Search code examples
rggplot2geospatialcensus

Drawing maps based on census data using ggplot2


I have a list of points that I want to overlay on a map of San Francisco using ggplot2. Each point is a longitude, latitude pair. I want the resulting map to be in a longitude/latitude coordinate system. I managed to reproduce Hadley Wickham's directions for plotting polygon shapefiles using his example file. I am using R 2.15.1 for Windows.

However, I tried to use cdp files downloaded from the UScensus2010cdp package.

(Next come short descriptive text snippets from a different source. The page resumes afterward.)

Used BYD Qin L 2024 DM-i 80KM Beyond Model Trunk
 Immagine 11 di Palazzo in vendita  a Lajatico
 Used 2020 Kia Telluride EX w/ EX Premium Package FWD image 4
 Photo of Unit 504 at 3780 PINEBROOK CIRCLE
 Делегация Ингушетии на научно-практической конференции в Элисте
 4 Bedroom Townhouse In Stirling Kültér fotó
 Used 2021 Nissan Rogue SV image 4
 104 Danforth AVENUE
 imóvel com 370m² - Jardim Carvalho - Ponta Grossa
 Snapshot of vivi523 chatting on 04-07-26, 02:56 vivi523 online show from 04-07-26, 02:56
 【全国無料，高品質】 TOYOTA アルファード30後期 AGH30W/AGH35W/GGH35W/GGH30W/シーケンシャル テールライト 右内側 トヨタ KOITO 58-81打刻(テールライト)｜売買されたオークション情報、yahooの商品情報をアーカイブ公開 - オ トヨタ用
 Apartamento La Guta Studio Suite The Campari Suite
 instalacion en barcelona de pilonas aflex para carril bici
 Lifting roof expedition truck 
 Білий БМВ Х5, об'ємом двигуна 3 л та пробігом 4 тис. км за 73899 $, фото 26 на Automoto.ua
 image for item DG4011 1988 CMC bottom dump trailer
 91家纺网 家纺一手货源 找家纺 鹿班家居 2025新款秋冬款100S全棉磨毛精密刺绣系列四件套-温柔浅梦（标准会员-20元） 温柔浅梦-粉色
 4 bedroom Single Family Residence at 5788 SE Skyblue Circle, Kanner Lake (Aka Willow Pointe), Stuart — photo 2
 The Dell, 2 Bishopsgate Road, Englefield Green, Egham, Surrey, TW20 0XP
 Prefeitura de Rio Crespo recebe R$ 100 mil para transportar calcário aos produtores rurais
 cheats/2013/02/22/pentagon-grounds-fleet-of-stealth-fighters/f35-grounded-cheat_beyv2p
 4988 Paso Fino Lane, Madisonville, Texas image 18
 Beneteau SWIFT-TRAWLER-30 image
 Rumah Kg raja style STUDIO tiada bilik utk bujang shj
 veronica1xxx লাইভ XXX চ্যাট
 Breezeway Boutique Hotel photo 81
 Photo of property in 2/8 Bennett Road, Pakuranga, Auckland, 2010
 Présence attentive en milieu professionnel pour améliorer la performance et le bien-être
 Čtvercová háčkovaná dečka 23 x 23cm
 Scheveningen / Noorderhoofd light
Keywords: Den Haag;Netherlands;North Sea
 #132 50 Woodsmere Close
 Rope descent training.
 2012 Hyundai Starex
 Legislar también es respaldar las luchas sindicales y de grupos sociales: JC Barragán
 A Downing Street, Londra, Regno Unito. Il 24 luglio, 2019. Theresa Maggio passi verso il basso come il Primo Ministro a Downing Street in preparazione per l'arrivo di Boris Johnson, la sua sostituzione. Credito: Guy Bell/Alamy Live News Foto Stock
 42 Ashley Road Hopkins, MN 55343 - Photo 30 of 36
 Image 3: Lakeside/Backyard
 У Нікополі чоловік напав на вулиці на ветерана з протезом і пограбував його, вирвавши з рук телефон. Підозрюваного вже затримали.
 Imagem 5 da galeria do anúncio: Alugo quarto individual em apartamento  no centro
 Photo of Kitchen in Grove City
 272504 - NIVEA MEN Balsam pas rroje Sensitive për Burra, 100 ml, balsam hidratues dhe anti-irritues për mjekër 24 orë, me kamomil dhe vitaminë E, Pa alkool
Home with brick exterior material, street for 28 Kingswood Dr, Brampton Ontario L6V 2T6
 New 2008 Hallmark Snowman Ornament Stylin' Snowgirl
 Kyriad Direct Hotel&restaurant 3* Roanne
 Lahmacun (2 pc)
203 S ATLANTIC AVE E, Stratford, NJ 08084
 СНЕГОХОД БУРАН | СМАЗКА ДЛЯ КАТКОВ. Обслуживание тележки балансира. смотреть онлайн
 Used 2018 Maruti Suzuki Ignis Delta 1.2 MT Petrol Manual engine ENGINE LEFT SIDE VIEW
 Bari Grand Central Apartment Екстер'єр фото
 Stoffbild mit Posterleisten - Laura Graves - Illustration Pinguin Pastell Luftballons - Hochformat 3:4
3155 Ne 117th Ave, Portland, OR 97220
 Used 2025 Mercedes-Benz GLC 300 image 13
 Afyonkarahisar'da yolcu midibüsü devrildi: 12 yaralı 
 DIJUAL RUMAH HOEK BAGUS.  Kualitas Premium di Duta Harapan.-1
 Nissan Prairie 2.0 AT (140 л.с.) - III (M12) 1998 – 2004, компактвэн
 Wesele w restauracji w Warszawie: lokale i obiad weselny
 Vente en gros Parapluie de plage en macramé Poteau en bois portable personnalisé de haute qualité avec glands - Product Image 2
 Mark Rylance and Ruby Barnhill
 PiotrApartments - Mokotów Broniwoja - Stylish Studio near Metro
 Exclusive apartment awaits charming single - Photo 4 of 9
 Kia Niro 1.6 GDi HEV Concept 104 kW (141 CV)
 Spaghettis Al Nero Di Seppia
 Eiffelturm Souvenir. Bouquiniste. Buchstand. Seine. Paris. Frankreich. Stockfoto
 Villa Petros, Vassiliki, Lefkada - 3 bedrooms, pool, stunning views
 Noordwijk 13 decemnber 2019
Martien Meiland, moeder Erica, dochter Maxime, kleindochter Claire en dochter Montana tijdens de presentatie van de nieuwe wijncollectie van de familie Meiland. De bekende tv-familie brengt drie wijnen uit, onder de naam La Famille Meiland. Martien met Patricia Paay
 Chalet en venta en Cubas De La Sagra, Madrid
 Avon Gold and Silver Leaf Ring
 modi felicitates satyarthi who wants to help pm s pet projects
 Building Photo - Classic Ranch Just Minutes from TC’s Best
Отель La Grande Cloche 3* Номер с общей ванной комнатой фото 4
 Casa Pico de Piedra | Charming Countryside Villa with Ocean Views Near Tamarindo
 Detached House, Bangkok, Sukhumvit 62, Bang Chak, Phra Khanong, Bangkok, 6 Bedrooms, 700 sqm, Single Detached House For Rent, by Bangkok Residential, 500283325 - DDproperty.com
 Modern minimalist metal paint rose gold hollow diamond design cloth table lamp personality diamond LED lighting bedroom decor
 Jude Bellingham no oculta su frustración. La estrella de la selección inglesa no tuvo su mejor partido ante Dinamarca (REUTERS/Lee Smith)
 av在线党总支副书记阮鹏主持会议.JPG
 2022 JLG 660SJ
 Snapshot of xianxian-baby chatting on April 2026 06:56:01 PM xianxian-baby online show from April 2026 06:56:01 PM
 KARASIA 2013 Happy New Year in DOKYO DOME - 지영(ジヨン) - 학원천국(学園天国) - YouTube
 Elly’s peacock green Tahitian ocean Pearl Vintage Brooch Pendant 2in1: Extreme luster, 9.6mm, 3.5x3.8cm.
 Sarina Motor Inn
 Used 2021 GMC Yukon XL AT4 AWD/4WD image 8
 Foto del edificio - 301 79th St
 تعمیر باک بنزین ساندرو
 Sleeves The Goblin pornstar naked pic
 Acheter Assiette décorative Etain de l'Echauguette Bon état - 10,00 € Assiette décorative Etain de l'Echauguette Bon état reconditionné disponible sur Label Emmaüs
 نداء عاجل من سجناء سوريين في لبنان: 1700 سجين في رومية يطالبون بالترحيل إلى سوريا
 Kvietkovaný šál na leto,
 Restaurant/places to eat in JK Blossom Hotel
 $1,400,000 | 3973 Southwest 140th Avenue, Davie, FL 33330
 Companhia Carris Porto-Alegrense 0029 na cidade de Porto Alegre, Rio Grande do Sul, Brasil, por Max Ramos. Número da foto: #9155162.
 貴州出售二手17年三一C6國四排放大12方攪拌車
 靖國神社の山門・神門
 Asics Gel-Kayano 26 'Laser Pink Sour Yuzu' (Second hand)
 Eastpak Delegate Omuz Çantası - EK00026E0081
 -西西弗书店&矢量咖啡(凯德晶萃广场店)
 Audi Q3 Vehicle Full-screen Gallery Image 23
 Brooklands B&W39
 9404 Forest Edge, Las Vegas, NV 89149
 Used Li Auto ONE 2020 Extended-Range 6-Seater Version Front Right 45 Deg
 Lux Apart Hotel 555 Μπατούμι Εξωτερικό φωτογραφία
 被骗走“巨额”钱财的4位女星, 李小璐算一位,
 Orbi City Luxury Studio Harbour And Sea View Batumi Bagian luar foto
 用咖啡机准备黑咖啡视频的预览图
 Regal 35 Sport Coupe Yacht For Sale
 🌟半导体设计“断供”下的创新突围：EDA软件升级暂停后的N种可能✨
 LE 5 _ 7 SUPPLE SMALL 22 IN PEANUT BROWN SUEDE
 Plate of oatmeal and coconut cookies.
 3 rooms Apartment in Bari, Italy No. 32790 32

Here's my code snippet:

require("rgdal") 
require("maptools")
require("ggplot2")
require("sp")
require("plyr")
gpclibPermit() # required for fortify method
require(UScensus2010)
require(UScensus2010cdp)
data(california.cdp10)
sf <- city(name = "san francisco", state="ca")
sf.points = fortify(sf)

I get the following error:

Using name to define regions.
Error in unionSpatialPolygons(cp, invert(polys)) : input lengths differ
In addition: Warning message:
In split(as.numeric(row.names(attr)), addNA(attr[, region], TRUE)) :
   NAs introduced by coercion

Does anybody know:

  1. What is a good value to give to the region parameter of fortify()?
  2. If that fails, a source of map data with untransformed lat/long coordinates for San Francisco that ggplot2 can draw?
  3. Alternatively, I found here another map of San Francisco, whose data is translated. Can you tell me how to either translate this data to raw lat/long or make the reverse translation for my set of points?

Solution

  • note:

    The issue

    The issue arises from the fact that fortify.SpatialPolygonsDataFrame relies on converting the row.names to numeric, and the rownames of your data are the identifiers.

    ggplot2:::fortify.SpatialPolygonsDataFrame 
    
    function (model, data, region = NULL, ...) 
    {
        attr <- as.data.frame(model)
        if (is.null(region)) {
            region <- names(attr)[1]
            message("Using ", region, " to define regions.")
        }
        polys <- split(as.numeric(row.names(attr)), addNA(attr[, 
            region], TRUE))
        cp <- polygons(model)
        try_require(c("gpclib", "maptools"))
        unioned <- unionSpatialPolygons(cp, invert(polys))
        coords <- fortify(unioned)
        coords$order <- 1:nrow(coords)
        coords
    }
    

    In your case

    row.names(sf@data)
    ## [1] "california_586" "california_590" "california_616"
    

    are the identifiers you wish to use as the region parameters, as place state and name do not uniquely identify the three polygons.

    # as.character used to coerce from factor
    lapply(lapply(sf@data[,c('place','state','name')], unique), as.character)
    ## $place
    ## [1] "67000"
    ## 
    ## $state
    ## [1] "06"
    ## 
    ## $name
    ## [1] "San Francisco"
    

    As a character vector where the elements begin with alphabetic characters, when coerced to numeric, it becomes NA

    as.numeric(rownames(sf@data))
    ## [1] NA NA NA
    ## Warning message:
    ## NAs introduced by coercion
    

    Which is one of the warnings given

    Solution

    1. Define a column to be the rownames
    2. Set the row.names to NULL or 1:nrow(sf@data)

    So..

    # rownames
    sf@data[['place_id']] <- rownames(sf@data)
    row.names(sf@data) <- NULL
    
    # fortify
    sf_ggplot <- fortify(sf, region = 'place_id')
    # merge to add the original data
    sf_ggplot_all <- merge(sf_ggplot, sf@data, by.x = 'id', by.y = 'place_id')
    # very basic and uninteresting plot
    ggplot(sf_ggplot_all,aes(x=long,y=lat, group = group)) + 
      geom_polygon(aes(fill =pop2000)) + 
      coord_map()
    

    enter image description here